Kero stared at the goddess, then shook her head. "No, I suppose not, but I will tell you not to make anyone else's life 'more interesting'. And to fix what you've done already. Interesting weapon, by the way." she said, nodding at the spoon strapped onto Megami's back.
"It is, isn't it?" Megami replied cheerily. "It turns people into stuffed pandas."
"Why would you want to do something like that?" Skan demanded.
"It's fun! Would you like a demonstration? Yo! Altra! Get your fuzzy kitty butt over here!"
:Ohh, no.: The Firecat said, backing away and hiding behind Karal. :You're not getting me with that thing again. Do you remember how long it took to turn me back the last time:
"Yes," Megami said, somehow managing an innocent look and an evil grin at the same time. "Is there a problem with that?" She abruptly lunged at Altra, and chased him around the room a few times before cornering him behind a chair.
:Karaaaal: he moaned. :Heeeeelp meeeeee:
"Megami," Karal sighed. "I would really like you to not turn Altra into a stuffed panda."
"Are you sure?" Megami wanted to know.
"I think it would be fun," Middle Skan put in.
:Thank you so much.: the Cat said, glaring at him.
"Well why not?" Old Skan wanted to know.
"I'm sorry, but I don't really want to find out if I can see through the eyes of a stuffed panda. Besides, having your eyes run around the room while you stand still is just weird." Karal responded.
:Glad to know you care, Karal.: Altra sulked. :And you can stop that snickering.:
"Oh, fine." Megami sighed, lowering the spoon that had somehow appeared in her hand while she was chasing Altra. "You people are no fun at all."
"So sorry to disappoint you," Kero said dryly. "How did you happen to get such a... unique weapon?"
"Ooh! Ooh! I have a thing about that! Can I tell you? CanIcanIcanI?"
"Oookay," Karal said, giving her a weird look.
Megami got a slightly insane look on her face, then began. "Forged in the fiery deeps of Who-The-Hell-Knows-What-The-Damn-Place-Is-Called, its vengeful wrath leaves millions of aching heads and stuffed pandas in its wake, and all tremble when they hear its terrible scream."
"Whoa, whoa, where did you say it was forged?" Kero interjected.
Megami frowned. "It was forged in Who-The-Hell-Knows-What-The-Damn-Place-Is-Called," She told Kero. "Not to be confused with Whatever-The-Damn-Place-Is-Called, Who-Really-Cares-What-The-Damn-Place-Is-Called-Anyway, or Lets-Just-Burn-The-Damn-Place-To-The-Ground-And-Then-We-Won't-Have-To-Call-It-Anything. Those are all completely different. Now, as I was saying—"
"Who would give places names like that?" Skan protested.
"How the hell should I know?"
"Well you don't have to be so rude about it."
"No, that's the guy's name. How-The-Hell Should-I-Know."
"You people have the weirdest names," the middle Skan told me, shaking his head.
"No, not people," Megami informed him. "Gods. Goddesses. Sprites, imps, demons. A whole ton of other things. But not people. Never people."
"If you say so…" Middle Skan sounded skeptical.
"You know," Megami said thoughtfully. "It's really way too much trouble to go around calling you Old Skan, Middle Skan, and Young Skan."
"She has a point," Kero informed them. "It would be much simpler if you all had separate names."
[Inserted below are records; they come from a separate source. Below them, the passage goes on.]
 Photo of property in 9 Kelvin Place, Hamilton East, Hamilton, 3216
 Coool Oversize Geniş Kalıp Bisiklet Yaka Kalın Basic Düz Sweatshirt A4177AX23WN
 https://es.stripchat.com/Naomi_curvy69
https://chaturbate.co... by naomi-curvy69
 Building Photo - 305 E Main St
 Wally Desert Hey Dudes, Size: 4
"And that," Megami said triumphantly. "Is exactly my point! From now on, you" she pointed to Old Skan. "Will be known as Skan. You" she pointed at Middle Skan. "Are Dra, and you" she gestured at Young Skan. "Can be Non."
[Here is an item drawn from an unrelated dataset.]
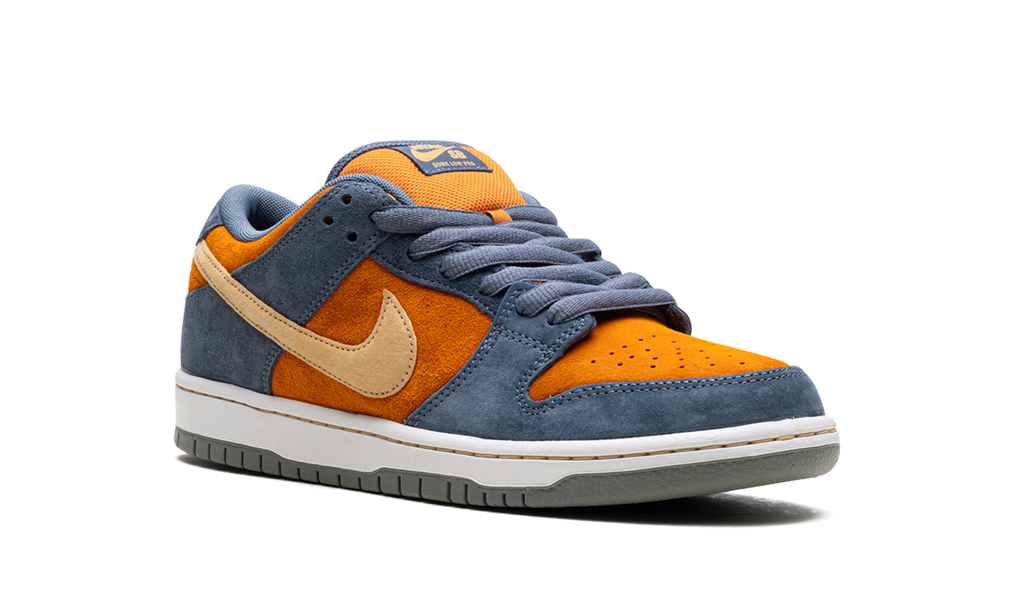 SB Dunk Low Pro "Light Carbon" HF3063 002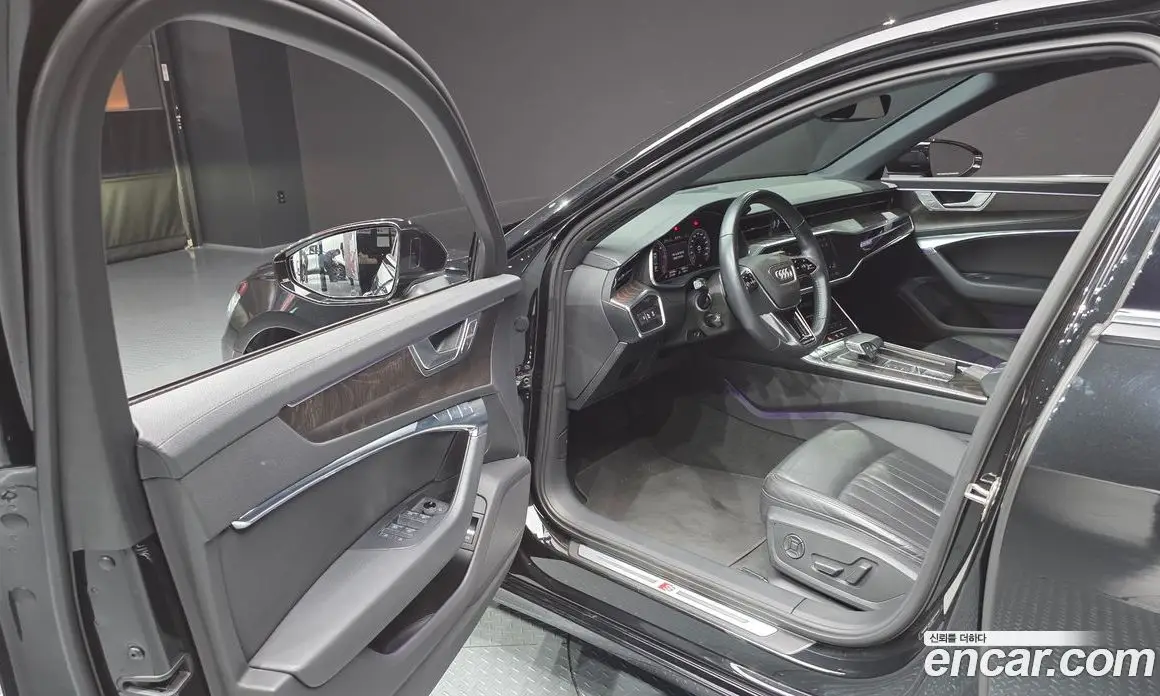 Audi A6 2020 2.0 автомат (гидро), фото 13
"What!" Non yelled, as Dra looked rather unsure and Skan nodded in satisfaction.
"Works for me." Skan said.
"NO!" Non yelled. "I refuse to be called by that stupid idea! It's horrendous! I hate it! I won't stand for it! I'll sue!"
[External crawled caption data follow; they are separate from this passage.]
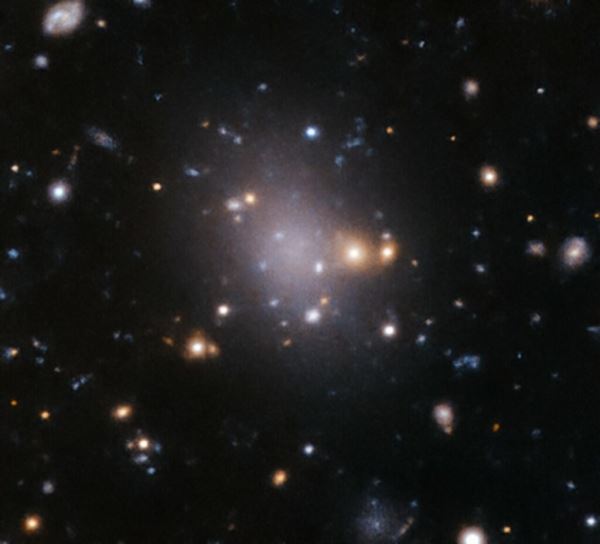 VST сфотографировал ультрадиффузную галактику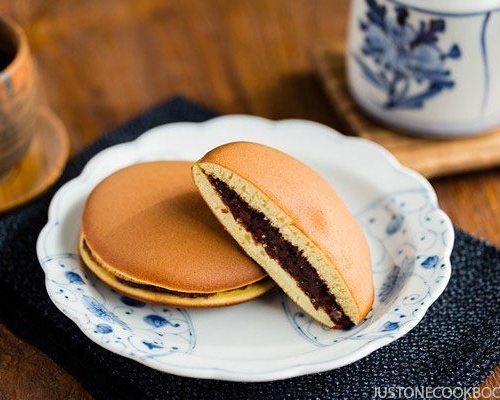 Dorayaki Japanese Red Bean Pancake Video どら焼き Just One Cookbook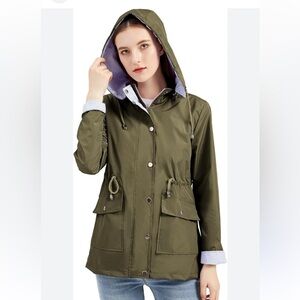 IFFEI | Women's Lightweight Waterproof Rain Coat Outdoor Hooded Windbreaker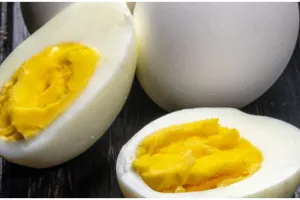 5 Cara mudah merebus telur sesuai tingkat kematangannya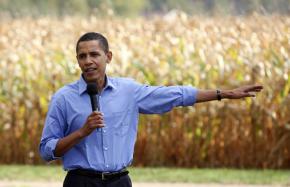 Barack Obama addresses supporters at a campaign stop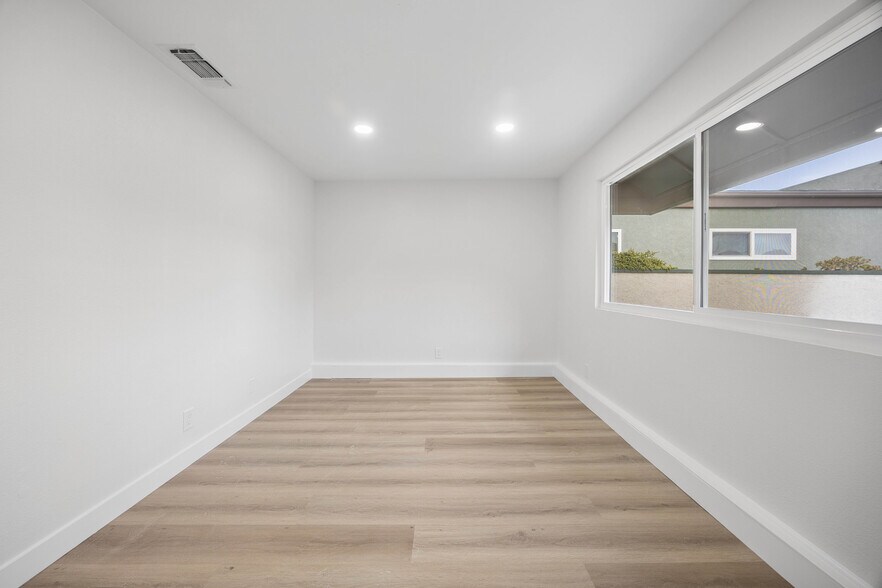 More Photos Of 1457 E Chapman Ave, Fullerton Office For Sale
"Who's Sue?" Dra asked curiously. "And what are you doing to her?"
"I'm not exactly sure," Non admitted. "But Megami said it, so it must make sense."
"That," Kero informed him, "Is the weirdest piece of logic I have ever heard. Since when does what Megami says make sense?"
"What's that supposed to mean?" Megami demanded, then out of nowhere: "I'm really tired. Which is weird, because I only got up, like, three hours ago." And she disappeared off to bed.
--
THE END.
ROCKS FALL.
EVERYONE DIES.
Seriously though, don't be sitting on the edge of your seats waiting for the next update.